Seeing this also with a new cluster we provisioned.

YakDriver commented 3 years ago

@odg0318 Sorry you are seeing this issue! Thank you for reporting it. The data source in question had a minor linting fix about 2 months ago but has basically remained unchanged for a while. That make me wonder if something upstream has changed. The token code has also remained very-little changed. Let us know if you find out anything more.

mattjamesaus commented 3 years ago

So after doing some more digging it appears this maybe tied to us running this inside a module (at least for my case).

We have a parent module (VPC etc) and then the kubernetes and EKS resources inside a single module together.

I've found that if i throw the token returned from aws_eks_cluster_auth up from the child module to the parent as an output (by selectively targeting so the plan doesn't fail) i was able to then hardcode that token back into the child module instead of using the data call and the whole plan worked.

So somehow the token value that ends up getting inputted into the kubernetes provider isn't correct when done inside a module. I'm not sure if it's like a race condition and the token is being set to NULL or some other strange side affect.

decnorton commented 3 years ago

I'm also baffled by this. I've tried @mattjamesaus's suggestion with no luck.

The bulk of our configuration is in modules. The main configuration simply calls two separate modules; one for creating and setting up the cluster, and another for configuring individual tenants.

We use data.aws_eks_cluster_auth.cluster.token a total of 3 times, all from modules.
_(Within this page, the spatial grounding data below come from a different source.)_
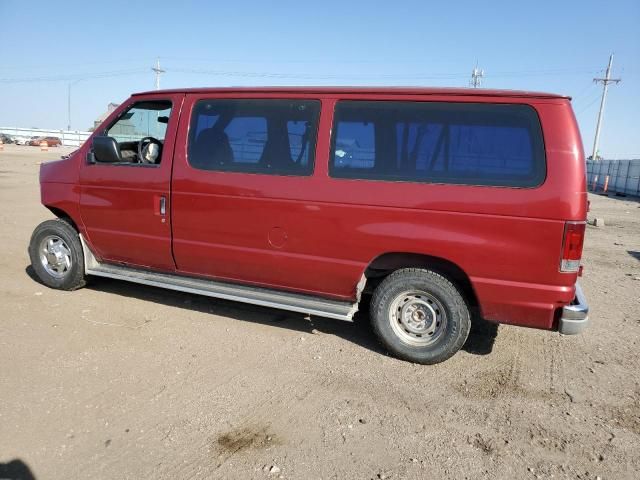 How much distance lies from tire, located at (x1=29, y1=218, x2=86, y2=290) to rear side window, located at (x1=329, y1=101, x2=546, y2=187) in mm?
3036

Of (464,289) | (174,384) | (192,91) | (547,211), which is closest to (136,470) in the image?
(174,384)

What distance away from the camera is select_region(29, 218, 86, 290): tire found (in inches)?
203

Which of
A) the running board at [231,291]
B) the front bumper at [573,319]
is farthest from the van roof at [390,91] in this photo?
the running board at [231,291]

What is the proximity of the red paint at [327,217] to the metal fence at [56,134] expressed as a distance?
2399 inches

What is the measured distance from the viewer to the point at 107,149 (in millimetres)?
4695

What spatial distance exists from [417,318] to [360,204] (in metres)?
1.05

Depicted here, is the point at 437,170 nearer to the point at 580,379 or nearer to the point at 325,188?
the point at 325,188

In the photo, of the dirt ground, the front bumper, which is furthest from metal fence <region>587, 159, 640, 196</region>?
the front bumper

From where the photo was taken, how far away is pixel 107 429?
288 centimetres

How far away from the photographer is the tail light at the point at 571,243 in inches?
133

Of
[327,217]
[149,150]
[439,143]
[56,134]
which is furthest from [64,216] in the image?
[56,134]

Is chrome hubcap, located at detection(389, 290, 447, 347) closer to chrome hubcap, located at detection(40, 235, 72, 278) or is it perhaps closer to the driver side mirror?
the driver side mirror

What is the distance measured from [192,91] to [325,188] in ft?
5.64

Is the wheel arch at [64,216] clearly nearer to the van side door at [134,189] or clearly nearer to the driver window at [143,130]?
the van side door at [134,189] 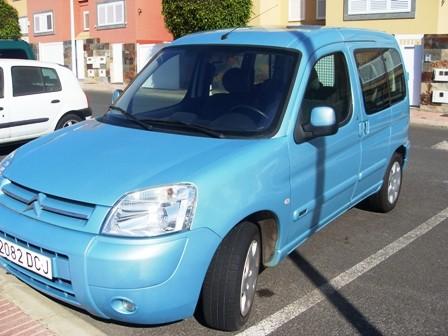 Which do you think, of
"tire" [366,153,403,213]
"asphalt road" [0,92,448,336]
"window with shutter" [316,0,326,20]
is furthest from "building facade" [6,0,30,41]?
"asphalt road" [0,92,448,336]

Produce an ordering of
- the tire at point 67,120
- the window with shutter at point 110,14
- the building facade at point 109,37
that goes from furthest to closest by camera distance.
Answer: the window with shutter at point 110,14 < the building facade at point 109,37 < the tire at point 67,120

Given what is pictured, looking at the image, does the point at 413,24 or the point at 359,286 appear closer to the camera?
the point at 359,286

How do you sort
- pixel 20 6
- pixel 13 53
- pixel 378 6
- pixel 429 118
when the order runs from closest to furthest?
1. pixel 13 53
2. pixel 429 118
3. pixel 378 6
4. pixel 20 6

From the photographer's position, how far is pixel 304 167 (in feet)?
13.1

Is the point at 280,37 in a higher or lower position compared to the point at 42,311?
higher

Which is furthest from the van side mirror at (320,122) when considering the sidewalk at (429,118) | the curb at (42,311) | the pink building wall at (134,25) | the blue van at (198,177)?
the pink building wall at (134,25)

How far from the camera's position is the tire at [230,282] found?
3324 mm

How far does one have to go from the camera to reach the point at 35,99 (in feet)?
29.6

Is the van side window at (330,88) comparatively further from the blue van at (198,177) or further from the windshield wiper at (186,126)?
the windshield wiper at (186,126)

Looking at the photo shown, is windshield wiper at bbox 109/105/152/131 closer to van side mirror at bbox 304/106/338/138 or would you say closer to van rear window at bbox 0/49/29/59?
van side mirror at bbox 304/106/338/138

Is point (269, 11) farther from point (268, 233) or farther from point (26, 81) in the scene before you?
point (268, 233)

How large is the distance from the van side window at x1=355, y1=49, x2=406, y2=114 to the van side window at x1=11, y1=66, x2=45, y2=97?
562cm

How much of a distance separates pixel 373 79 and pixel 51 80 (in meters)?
5.95

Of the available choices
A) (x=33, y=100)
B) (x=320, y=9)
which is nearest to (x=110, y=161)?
(x=33, y=100) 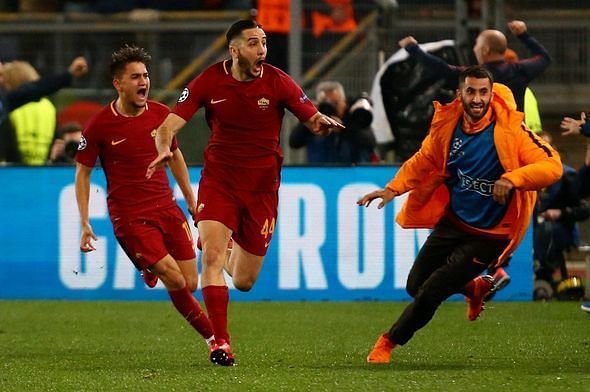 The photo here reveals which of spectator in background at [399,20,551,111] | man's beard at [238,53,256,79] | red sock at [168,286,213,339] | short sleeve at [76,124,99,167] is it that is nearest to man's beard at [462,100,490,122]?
man's beard at [238,53,256,79]

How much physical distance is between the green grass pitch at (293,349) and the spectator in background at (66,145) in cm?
178

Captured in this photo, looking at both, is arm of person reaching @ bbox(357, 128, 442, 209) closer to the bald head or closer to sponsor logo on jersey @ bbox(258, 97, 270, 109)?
sponsor logo on jersey @ bbox(258, 97, 270, 109)

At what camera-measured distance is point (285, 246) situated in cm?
1620

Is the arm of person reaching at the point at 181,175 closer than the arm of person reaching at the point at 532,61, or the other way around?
the arm of person reaching at the point at 181,175

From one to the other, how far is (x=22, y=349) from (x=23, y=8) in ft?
27.1

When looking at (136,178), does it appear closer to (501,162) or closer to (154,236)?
(154,236)

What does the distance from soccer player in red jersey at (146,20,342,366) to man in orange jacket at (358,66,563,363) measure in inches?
34.6

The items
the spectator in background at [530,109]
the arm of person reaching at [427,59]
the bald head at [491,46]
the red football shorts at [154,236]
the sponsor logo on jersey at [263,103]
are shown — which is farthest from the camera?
the spectator in background at [530,109]

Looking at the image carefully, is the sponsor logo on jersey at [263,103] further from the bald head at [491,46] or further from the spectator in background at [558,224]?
the spectator in background at [558,224]

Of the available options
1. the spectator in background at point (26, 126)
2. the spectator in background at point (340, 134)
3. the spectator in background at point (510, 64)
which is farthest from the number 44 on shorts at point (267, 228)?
the spectator in background at point (26, 126)

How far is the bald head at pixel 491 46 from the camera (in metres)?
14.6

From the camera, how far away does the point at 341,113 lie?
1675 cm

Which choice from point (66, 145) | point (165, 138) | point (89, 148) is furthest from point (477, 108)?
point (66, 145)

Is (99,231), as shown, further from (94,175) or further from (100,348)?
(100,348) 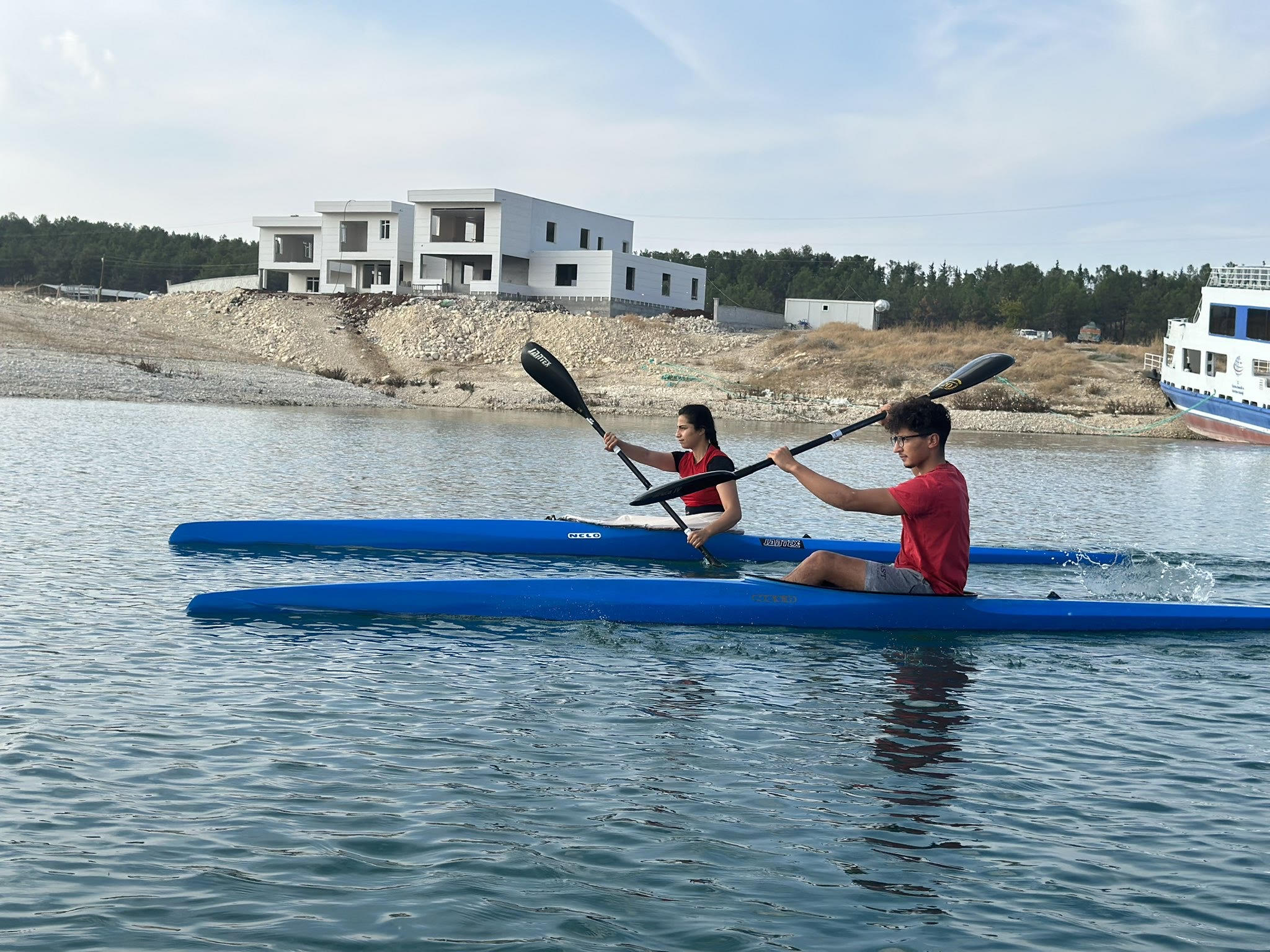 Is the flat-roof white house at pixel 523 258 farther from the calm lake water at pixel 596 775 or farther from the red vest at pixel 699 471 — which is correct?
the calm lake water at pixel 596 775

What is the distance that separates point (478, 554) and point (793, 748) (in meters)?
6.08

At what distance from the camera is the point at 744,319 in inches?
2373

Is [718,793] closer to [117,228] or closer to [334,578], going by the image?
[334,578]

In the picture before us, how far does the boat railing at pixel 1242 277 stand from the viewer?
121 ft

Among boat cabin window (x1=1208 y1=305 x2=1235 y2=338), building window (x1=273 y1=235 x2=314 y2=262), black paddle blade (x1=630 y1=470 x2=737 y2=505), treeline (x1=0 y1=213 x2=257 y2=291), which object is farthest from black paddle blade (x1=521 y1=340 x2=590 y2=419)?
treeline (x1=0 y1=213 x2=257 y2=291)

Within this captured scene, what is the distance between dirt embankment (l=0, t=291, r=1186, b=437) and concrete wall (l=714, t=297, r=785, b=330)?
202cm

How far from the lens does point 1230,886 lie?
480 cm

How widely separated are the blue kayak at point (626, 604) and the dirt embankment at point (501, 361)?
2682cm

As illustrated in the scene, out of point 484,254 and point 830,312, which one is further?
point 830,312

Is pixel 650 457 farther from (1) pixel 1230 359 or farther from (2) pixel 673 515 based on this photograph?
(1) pixel 1230 359

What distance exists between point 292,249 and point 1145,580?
63.9 m

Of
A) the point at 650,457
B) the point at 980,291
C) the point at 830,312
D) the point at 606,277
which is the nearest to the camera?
the point at 650,457

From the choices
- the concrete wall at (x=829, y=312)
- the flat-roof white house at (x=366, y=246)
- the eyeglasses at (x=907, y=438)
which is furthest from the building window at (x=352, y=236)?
the eyeglasses at (x=907, y=438)

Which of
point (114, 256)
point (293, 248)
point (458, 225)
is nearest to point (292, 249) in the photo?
point (293, 248)
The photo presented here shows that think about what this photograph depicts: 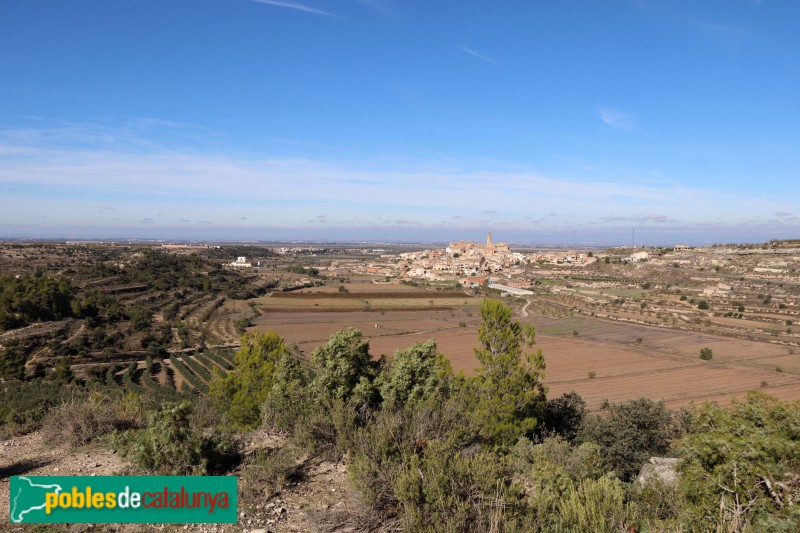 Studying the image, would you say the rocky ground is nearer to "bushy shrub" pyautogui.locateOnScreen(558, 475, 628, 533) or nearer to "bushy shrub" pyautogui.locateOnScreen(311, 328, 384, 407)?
"bushy shrub" pyautogui.locateOnScreen(558, 475, 628, 533)

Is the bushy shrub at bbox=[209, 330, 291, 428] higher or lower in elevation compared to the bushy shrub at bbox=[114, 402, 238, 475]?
lower

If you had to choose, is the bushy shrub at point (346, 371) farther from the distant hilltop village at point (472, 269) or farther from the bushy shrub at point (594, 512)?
the distant hilltop village at point (472, 269)

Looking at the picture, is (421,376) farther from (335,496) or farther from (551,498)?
(551,498)

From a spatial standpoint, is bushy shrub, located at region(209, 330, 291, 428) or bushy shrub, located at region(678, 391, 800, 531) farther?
bushy shrub, located at region(209, 330, 291, 428)

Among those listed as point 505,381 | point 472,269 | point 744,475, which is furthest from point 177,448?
point 472,269

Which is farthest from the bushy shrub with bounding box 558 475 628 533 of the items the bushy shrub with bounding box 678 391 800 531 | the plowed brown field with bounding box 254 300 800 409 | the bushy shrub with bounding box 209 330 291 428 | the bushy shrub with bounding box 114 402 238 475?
the plowed brown field with bounding box 254 300 800 409

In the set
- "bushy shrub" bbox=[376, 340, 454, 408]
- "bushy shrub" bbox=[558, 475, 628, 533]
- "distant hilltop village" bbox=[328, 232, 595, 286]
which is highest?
"bushy shrub" bbox=[558, 475, 628, 533]

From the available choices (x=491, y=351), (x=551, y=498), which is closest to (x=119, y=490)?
(x=551, y=498)

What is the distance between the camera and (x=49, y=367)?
32312 mm

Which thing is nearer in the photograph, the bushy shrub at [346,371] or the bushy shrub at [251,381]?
the bushy shrub at [346,371]

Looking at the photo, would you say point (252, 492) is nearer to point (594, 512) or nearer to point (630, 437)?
point (594, 512)

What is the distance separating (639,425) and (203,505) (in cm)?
1350

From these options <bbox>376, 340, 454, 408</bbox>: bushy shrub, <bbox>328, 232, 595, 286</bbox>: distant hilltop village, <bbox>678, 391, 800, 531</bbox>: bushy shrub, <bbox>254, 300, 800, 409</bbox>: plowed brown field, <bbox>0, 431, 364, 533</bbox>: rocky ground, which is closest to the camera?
<bbox>0, 431, 364, 533</bbox>: rocky ground

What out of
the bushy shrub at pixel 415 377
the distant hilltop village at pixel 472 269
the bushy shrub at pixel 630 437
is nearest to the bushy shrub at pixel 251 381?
the bushy shrub at pixel 415 377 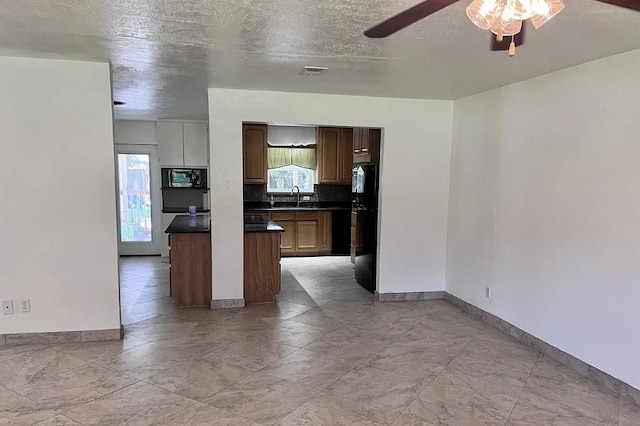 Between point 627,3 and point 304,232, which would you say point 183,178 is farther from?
point 627,3

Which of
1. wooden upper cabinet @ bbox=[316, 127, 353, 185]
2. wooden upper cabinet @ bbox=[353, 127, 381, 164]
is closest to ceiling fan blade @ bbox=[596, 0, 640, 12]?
wooden upper cabinet @ bbox=[353, 127, 381, 164]

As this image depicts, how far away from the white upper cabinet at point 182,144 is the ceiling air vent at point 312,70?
397cm

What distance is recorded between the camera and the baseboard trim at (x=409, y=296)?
192 inches

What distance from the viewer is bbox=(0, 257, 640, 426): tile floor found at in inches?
99.1

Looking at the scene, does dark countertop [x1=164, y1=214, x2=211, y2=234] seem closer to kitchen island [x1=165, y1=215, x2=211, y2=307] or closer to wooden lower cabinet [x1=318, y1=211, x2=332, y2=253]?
kitchen island [x1=165, y1=215, x2=211, y2=307]

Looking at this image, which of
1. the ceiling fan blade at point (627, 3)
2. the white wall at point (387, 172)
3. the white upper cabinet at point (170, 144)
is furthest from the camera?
the white upper cabinet at point (170, 144)

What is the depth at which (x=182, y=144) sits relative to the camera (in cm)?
707

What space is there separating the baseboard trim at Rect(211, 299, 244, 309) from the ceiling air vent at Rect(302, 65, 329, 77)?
2.44 meters

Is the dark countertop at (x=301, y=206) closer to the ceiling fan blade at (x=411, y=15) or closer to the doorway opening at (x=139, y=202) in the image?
the doorway opening at (x=139, y=202)

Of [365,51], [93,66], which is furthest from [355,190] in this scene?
[93,66]

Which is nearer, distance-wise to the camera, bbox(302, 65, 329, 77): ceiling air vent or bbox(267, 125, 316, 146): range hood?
bbox(302, 65, 329, 77): ceiling air vent

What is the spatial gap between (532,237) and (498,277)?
1.96ft

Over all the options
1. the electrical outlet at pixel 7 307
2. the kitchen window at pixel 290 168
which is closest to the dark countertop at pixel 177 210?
the kitchen window at pixel 290 168

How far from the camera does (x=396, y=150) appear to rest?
4.72m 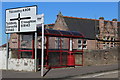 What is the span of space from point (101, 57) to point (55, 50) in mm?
6075

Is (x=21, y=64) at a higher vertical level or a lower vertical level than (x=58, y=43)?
lower

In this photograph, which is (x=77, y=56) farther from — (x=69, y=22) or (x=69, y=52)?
(x=69, y=22)

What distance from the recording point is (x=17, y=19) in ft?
52.0

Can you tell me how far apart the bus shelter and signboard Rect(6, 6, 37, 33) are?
3.32 ft

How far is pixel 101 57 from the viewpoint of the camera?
22062mm

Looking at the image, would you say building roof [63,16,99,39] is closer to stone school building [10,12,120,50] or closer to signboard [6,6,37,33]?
stone school building [10,12,120,50]

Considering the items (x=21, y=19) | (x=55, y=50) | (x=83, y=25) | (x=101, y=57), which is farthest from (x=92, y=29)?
(x=21, y=19)

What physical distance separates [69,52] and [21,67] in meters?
4.83

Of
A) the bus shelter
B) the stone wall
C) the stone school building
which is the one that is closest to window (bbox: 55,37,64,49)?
the bus shelter

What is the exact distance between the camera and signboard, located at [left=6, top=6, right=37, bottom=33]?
15109 millimetres

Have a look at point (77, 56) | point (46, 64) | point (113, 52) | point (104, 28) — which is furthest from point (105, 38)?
point (46, 64)

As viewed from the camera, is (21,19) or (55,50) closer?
(21,19)

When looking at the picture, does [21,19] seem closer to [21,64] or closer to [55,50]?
[21,64]

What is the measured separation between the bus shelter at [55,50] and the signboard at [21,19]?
101cm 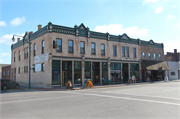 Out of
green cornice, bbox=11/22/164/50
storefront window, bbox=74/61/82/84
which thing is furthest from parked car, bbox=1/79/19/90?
storefront window, bbox=74/61/82/84

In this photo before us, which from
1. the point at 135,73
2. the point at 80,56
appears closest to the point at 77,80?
the point at 80,56

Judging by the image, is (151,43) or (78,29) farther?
(151,43)

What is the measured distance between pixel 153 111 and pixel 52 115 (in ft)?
15.6

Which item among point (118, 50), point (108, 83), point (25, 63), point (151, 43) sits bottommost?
point (108, 83)

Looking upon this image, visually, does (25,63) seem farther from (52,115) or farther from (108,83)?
(52,115)

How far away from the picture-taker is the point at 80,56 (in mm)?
27812

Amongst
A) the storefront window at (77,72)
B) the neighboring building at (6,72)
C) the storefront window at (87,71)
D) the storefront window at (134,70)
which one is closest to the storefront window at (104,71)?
the storefront window at (87,71)

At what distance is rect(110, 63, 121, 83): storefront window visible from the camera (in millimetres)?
32250

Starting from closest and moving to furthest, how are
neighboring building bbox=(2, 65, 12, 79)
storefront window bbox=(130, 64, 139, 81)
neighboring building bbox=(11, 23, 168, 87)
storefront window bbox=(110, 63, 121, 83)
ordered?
neighboring building bbox=(11, 23, 168, 87), storefront window bbox=(110, 63, 121, 83), storefront window bbox=(130, 64, 139, 81), neighboring building bbox=(2, 65, 12, 79)

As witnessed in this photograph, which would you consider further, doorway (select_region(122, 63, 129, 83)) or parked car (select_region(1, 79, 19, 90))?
doorway (select_region(122, 63, 129, 83))

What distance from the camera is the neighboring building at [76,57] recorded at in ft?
82.6

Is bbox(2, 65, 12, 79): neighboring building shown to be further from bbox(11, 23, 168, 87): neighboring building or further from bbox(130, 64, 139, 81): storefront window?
bbox(130, 64, 139, 81): storefront window

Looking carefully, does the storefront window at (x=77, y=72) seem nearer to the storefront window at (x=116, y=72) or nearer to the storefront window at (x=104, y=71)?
the storefront window at (x=104, y=71)

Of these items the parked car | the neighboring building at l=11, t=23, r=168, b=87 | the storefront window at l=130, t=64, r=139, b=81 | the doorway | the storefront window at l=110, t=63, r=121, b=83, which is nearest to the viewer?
the parked car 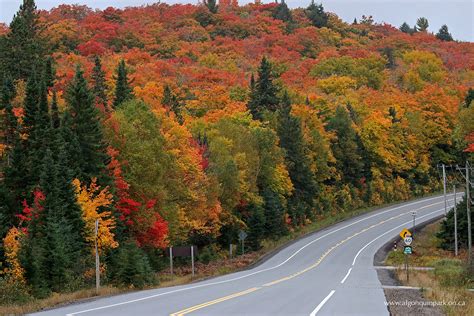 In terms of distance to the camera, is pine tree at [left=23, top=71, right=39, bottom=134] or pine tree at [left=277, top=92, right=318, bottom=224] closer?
pine tree at [left=23, top=71, right=39, bottom=134]

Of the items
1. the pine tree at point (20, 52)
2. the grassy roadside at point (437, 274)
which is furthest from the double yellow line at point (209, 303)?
the pine tree at point (20, 52)

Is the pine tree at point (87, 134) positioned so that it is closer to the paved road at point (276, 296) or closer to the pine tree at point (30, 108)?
the pine tree at point (30, 108)

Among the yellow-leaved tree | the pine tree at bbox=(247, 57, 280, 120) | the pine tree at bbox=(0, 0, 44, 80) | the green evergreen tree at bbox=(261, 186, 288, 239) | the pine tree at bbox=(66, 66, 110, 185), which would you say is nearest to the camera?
the yellow-leaved tree

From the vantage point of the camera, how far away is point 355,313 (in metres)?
18.7

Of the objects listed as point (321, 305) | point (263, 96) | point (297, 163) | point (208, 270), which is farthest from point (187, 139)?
point (321, 305)

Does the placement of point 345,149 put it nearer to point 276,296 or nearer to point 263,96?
point 263,96

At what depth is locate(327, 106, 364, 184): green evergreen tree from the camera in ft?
289

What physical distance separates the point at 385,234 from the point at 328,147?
17969mm

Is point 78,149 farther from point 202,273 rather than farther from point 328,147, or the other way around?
point 328,147

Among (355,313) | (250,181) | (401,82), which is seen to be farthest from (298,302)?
(401,82)

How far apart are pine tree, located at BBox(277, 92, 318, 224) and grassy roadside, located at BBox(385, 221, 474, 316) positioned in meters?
13.9

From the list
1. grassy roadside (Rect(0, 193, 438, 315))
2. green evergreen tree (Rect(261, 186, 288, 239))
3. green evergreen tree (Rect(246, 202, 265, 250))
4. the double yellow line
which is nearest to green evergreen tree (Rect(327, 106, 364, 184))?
grassy roadside (Rect(0, 193, 438, 315))

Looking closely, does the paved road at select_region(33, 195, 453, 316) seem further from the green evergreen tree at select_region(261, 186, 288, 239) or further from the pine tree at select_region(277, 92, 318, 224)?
the pine tree at select_region(277, 92, 318, 224)

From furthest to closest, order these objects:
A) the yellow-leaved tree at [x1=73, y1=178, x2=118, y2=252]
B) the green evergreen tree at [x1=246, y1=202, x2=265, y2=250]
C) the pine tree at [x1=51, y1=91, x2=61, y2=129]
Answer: the green evergreen tree at [x1=246, y1=202, x2=265, y2=250] → the pine tree at [x1=51, y1=91, x2=61, y2=129] → the yellow-leaved tree at [x1=73, y1=178, x2=118, y2=252]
I've tried getting the token once and then passing it out of the module and into another but it remains unauthorised.

mattjamesaus commented 3 years ago

@decnorton we came across this again the other day and I believe terraform refresh solved it - there's something definitely awry.

The fella that spotted it is off for the next couple of days but I'll get him to throw a comment in.

Perhaps we can get some simplified examples of how we're calling this to see if there's a pattern for the team to repo maintainers to fix. I have a suspicion it's either the multiple calls or some data/state cache that's doing it.

Super annoying tho so feel ya pain.

mjrlee commented 3 years ago

I'm also seeing this - worked up until midday yesterday (in EU-WEST-2) and then stopped working with a similar error.

A refresh didn't solve it here.

Edit to add - tried again with parallelism=1 - didn't fix it, not sure if that narrows down the search.

mjrlee commented 3 years ago

Here's a thing I've found, the OIDC provider thumbprint changed sometime in the last few days. I wonder if there's some certificate change inside of AWS which is causing this, perhaps with something persisted that's failing when the thumbprint changes?

federico-cuello-solarisbank commented 3 years ago

We are facing the same problem.... we created 4 different clusters at the same time in 4 different AWS accounts and all of them are now failing at the same time, and were fine yesterday. Could it be that the token being used is expired?

federico-cuello-solarisbank commented 3 years ago

Ok, more info:

In our aws_eks_cluster resource:

+  enabled_cluster_log_types = [
+    "api", "audit", "authenticator", "controllerManager", "scheduler"
+  ]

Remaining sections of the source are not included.